The reason that case struck down a hub-and-spoke model, however, was because the state of California said, “We are against Tribal gambling, and therefore against mobile hub and spoke.” The Ninth Circuit had no choice but to say, “Well, it’s not authorized by your state, and under IGRA your state is supposed to be an equal partner with your Tribe; since your partner is not willing to dance, we have to strike this down.” It is completely different from the what’s happening in Florida. The state of Florida is saying, “We want hub and spoke; we’ve built it into our compact.” People who say the US Supreme Court will grant certiorari because of a conflict between the DC Circuit decision and Desert Rose decision are overlooking a critical, factual difference: Florida wants hub and spoke.

Will other Tribes ask for this model now?

Once the shouting is over at the US Supreme Court and the Florida Supreme Court, every Tribe is going to say to its state, “We want hub and spoke so long as you, the state, give us permission.” Hub and spoke is the future of gambling, not just sports betting. We can look at the movie industry. The future is here: it’s streaming and getting the most recent release into your home. There is no question that we are going to have hub and spoke not only for sports betting, but for all betting.

A big obstacle, oddly enough, was Sheldon Adelson. He was very against online betting. As soon as Sheldon Adelson died, Las Vegas Sands said, “We’re all for mobile betting.” His widow just agreed to buy the Dallas Mavericks. You can expect Mrs. Adelson will be pushing Texas to change its gambling laws.

So, you’re thinking more states or Tribes will ask for iGaming as well?

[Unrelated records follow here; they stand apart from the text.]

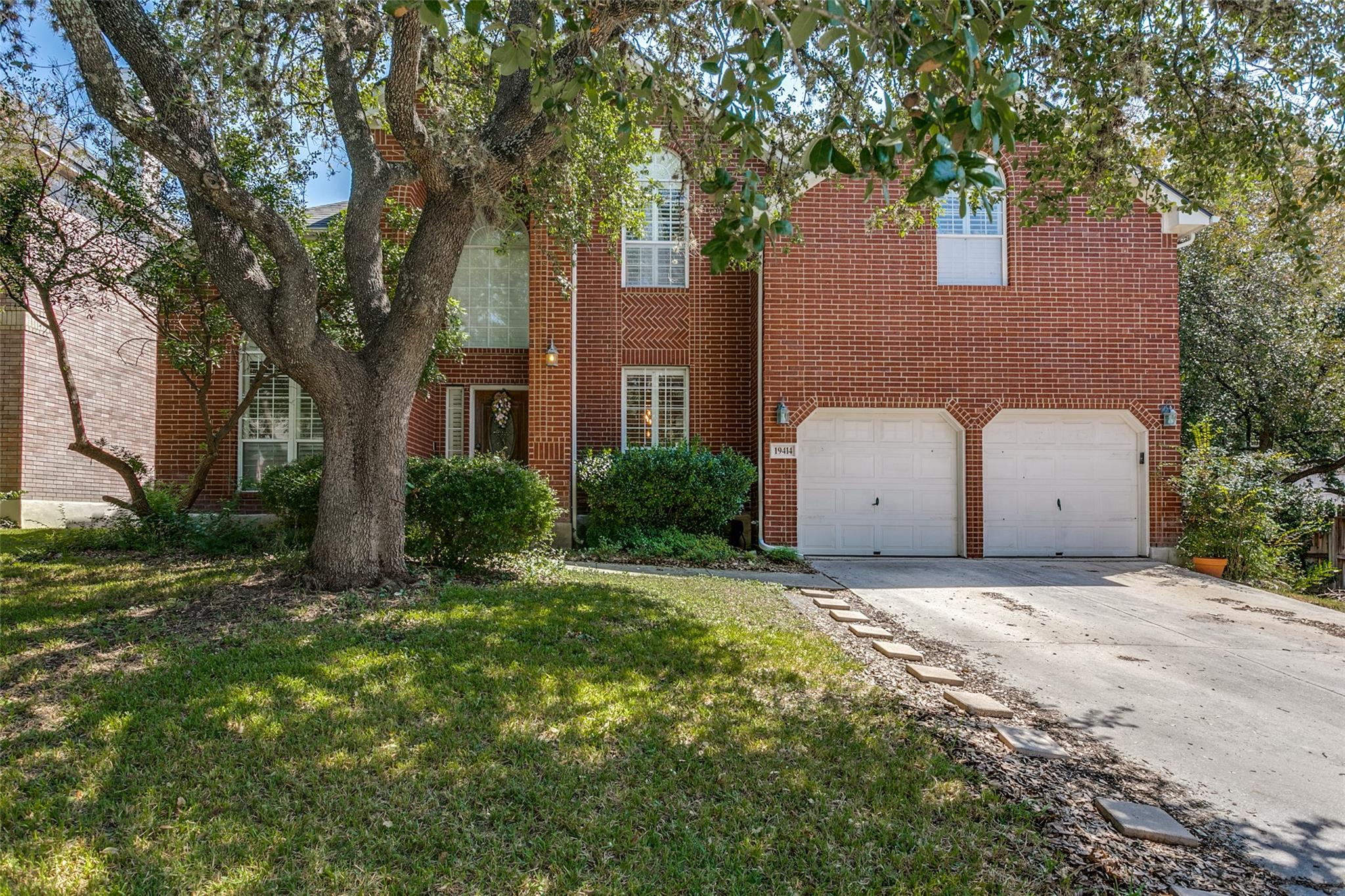 19414 Mill Oak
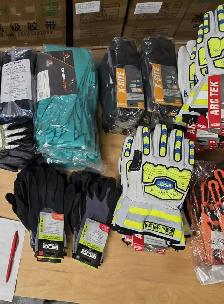 Various Gloves - Photo 2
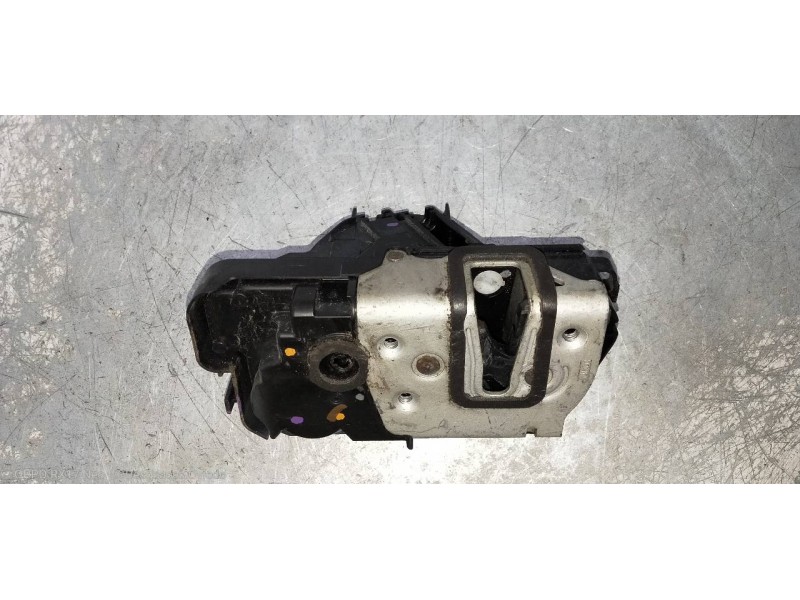 Recambio de motor cierre centralizado trasero izquierdo para ford fiesta (ce1) trend referencia OEM IAM H1BAA26413CB  5P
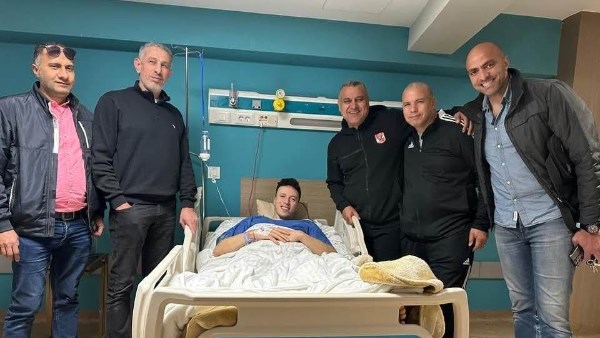 جراحة ناجحة لسيف عابد بعد إصابة الصليبي.. ونجم الأهلي والمنتخب يبدأ رحلة العودة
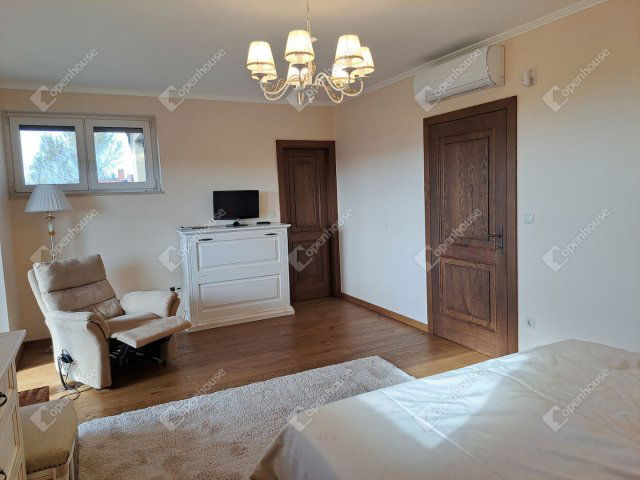 Eladó családi ház, Győrött 178.8 M Ft, 5 szobás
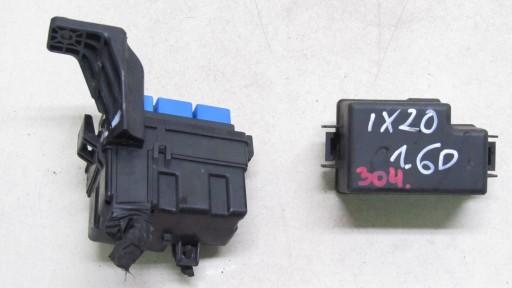 043/304 - HYUNDAI TUCSON II 1.7 БЛОК ЗАПОБІЖНИКІВ 15-18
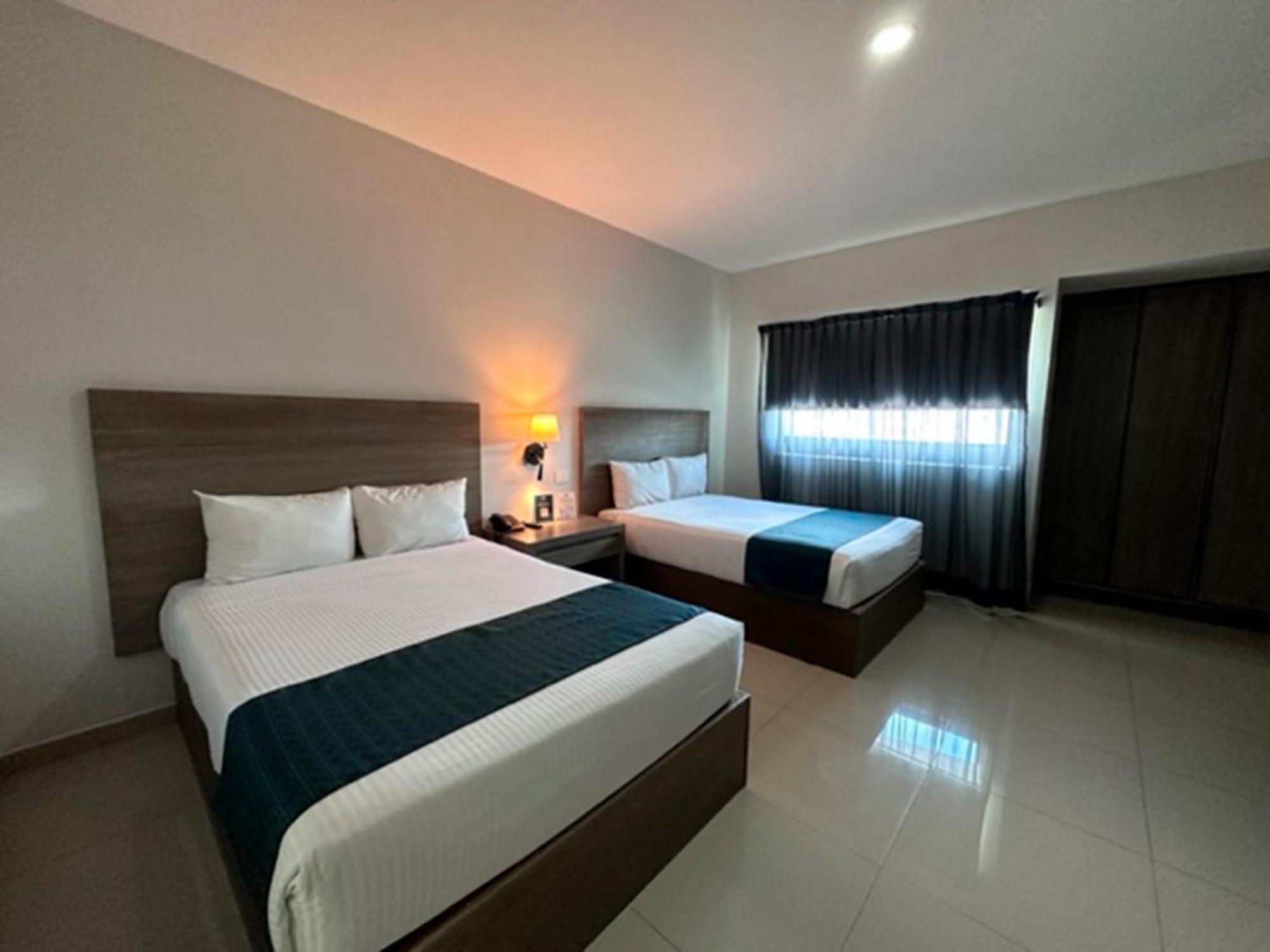 Inhouse Culiacán Exterior foto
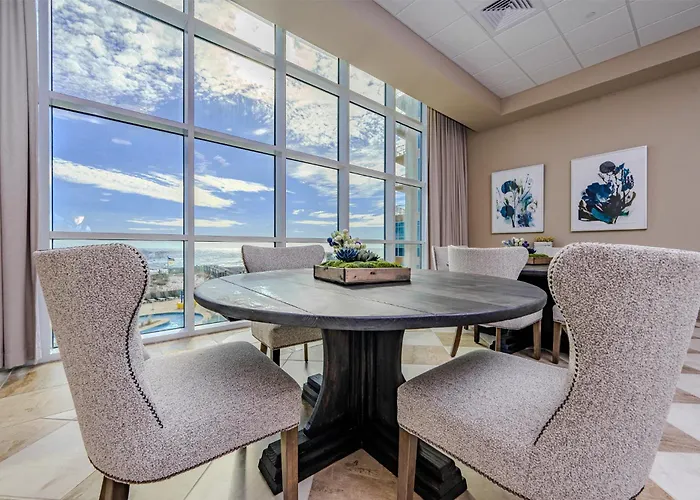 Phoenix Gulf Towers 2301 Apartment *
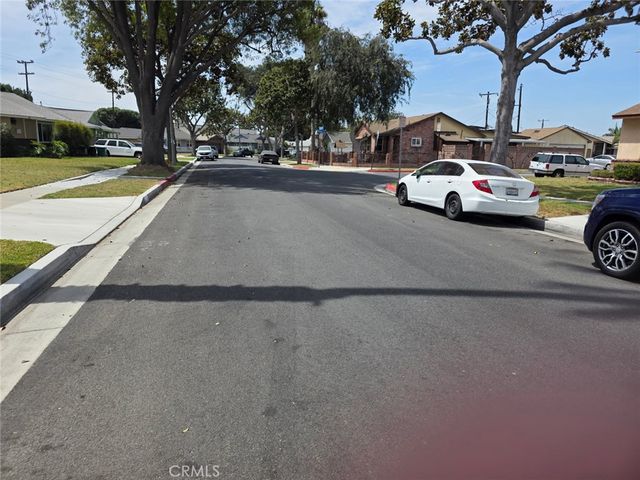 41 W Barclay, Long Beach, CA 90805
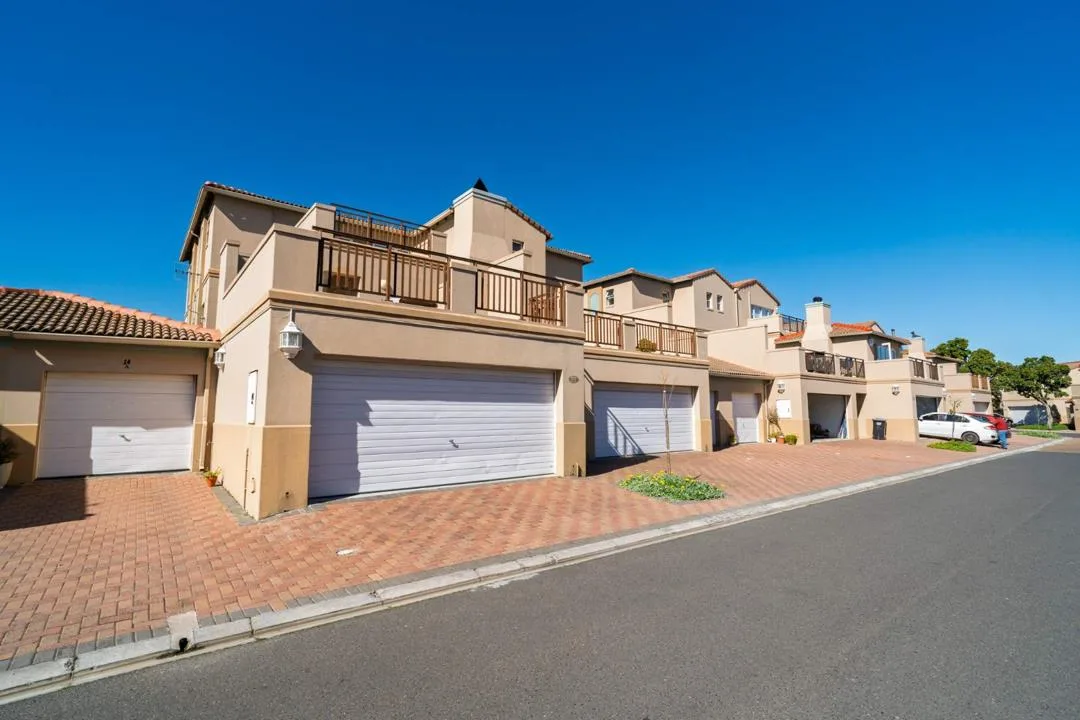 3 Bedroom Townhouse for sale in Royal Ascot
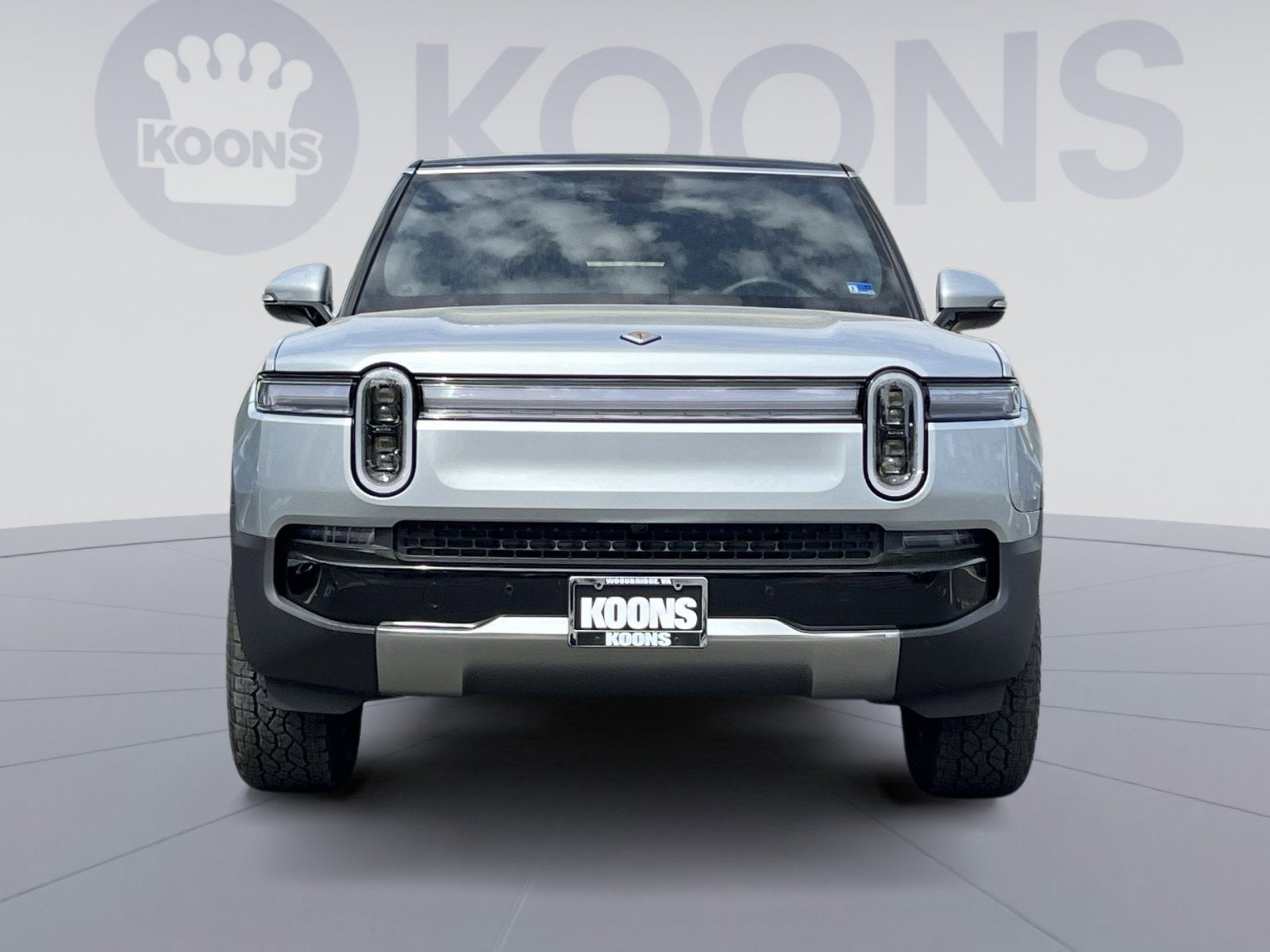 2026 Rivian R1S Base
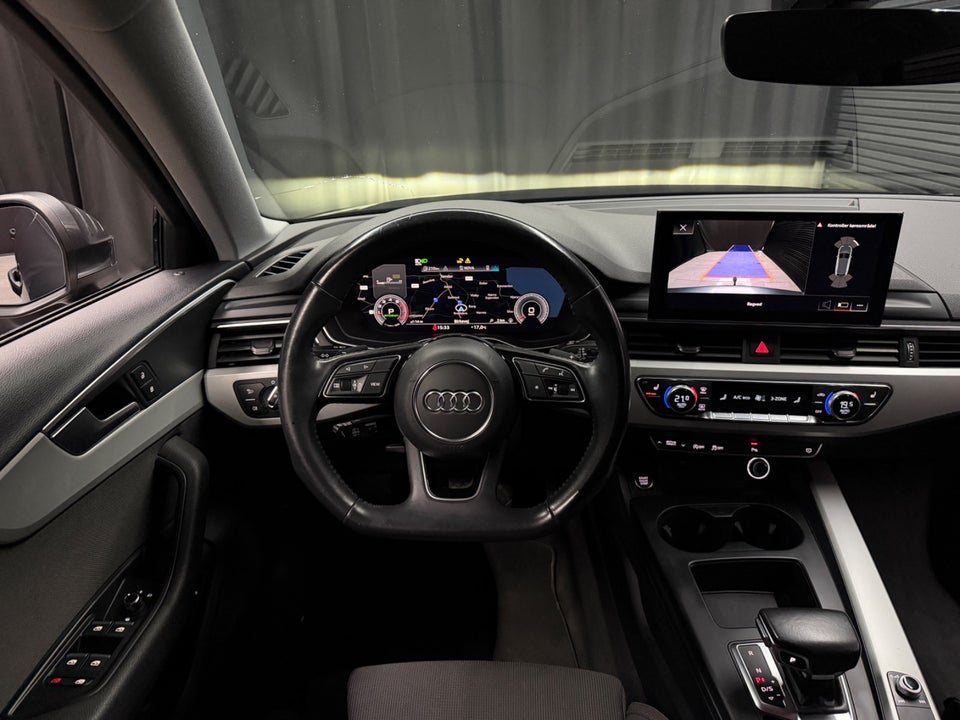 Audi A4 40 TFSi S-line Prestige Tour plus Avant S-tr. 5d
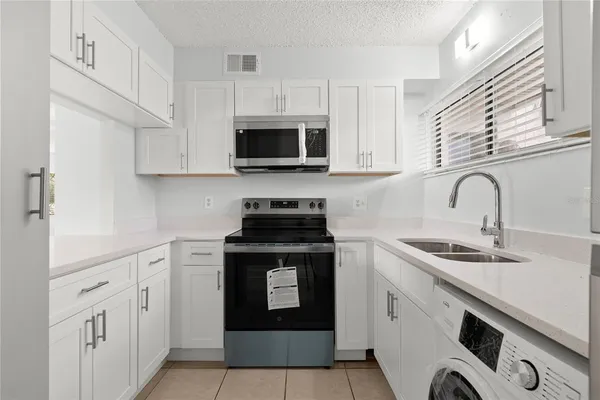 $1,450 | 1108 Bartow Road, Unit 100, Lakeland, FL 33801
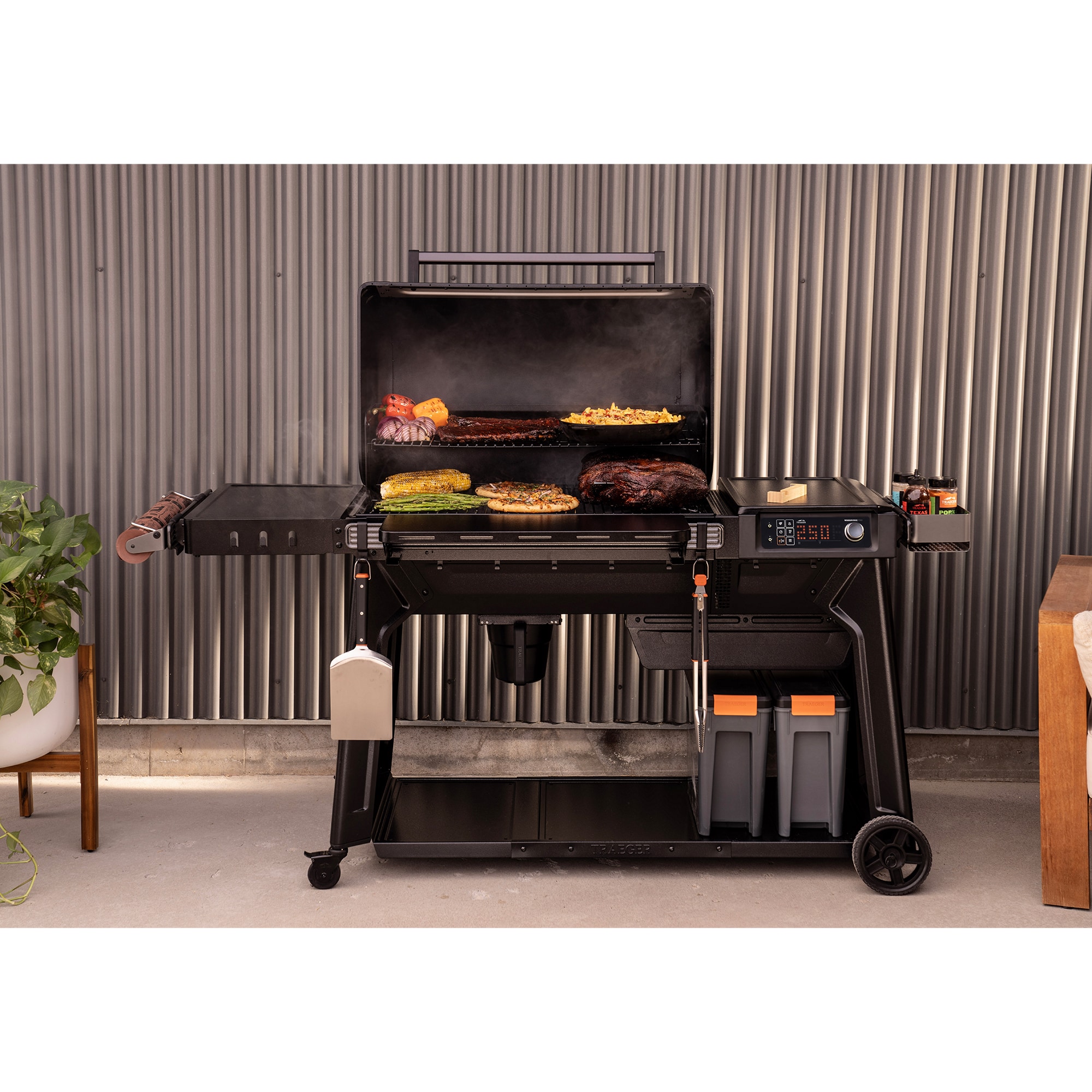 Traeger Woodridge Pro Wood Pellets Grill - Black, , hires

The only question is, how fast does that happen? Is it five years from now? Is it 10? I don’t know, but the Seminoles have made it clear that once they’ve got sports betting up and running, they will be back. That has been the history of the Tribe. The Seminoles invented Indian gambling – that’s not hyperbole. In 1979, they had the idea for a high-stakes bingo hall, and that was the basis of today’s Tribal gaming industry. Without the Seminoles, that might never have happened.

Do you think Congress or the NIGC will update any of IGRA’s wording to include the internet?

IGRA is not going to be updated because the courts have already interpreted IGRA as allowing mobile betting. With respect to the Bureau of Indian Affairs (BIA), you notice they’ve proposed part 293, which already authorizes remote sports betting. I don’t see IGRA changing. I do see the BIA adopting 293 and that effectively becoming the law of the land.

The whole reason Congress made sports betting illegal in 1992 was because Bill Bradley was in the Senate. Bill Bradley, having played basketball in the NBA, was very against sports betting. You would need to have someone in Congress with the gravitas of Bill Bradley, who decided to make gambling their issue. I do not see that happening in either the Democratic or Republican Party today.

There’s so much money involved since sports betting became legal in 2018; Americans have bet $220bn. States and local governments have reaped $3bn in new taxes. You can’t put this genie back in the bottle. West Flagler is as much of an outlier as Bill Bradley was in getting PASPA. Sheldon Adelson was the same type of outlier. It’s so fascinating that these contrarians have shaped what should have been an easy thing. Americans want to gamble, and when Americans really want something, it may take a while, but eventually they get it. Prohibition is the best example. There was a brief moment when the zealots got prohibition passed, but ultimately Americans wanted to drink, and they wanted to do it legally. Americans want to gamble. They want to do it legally, too.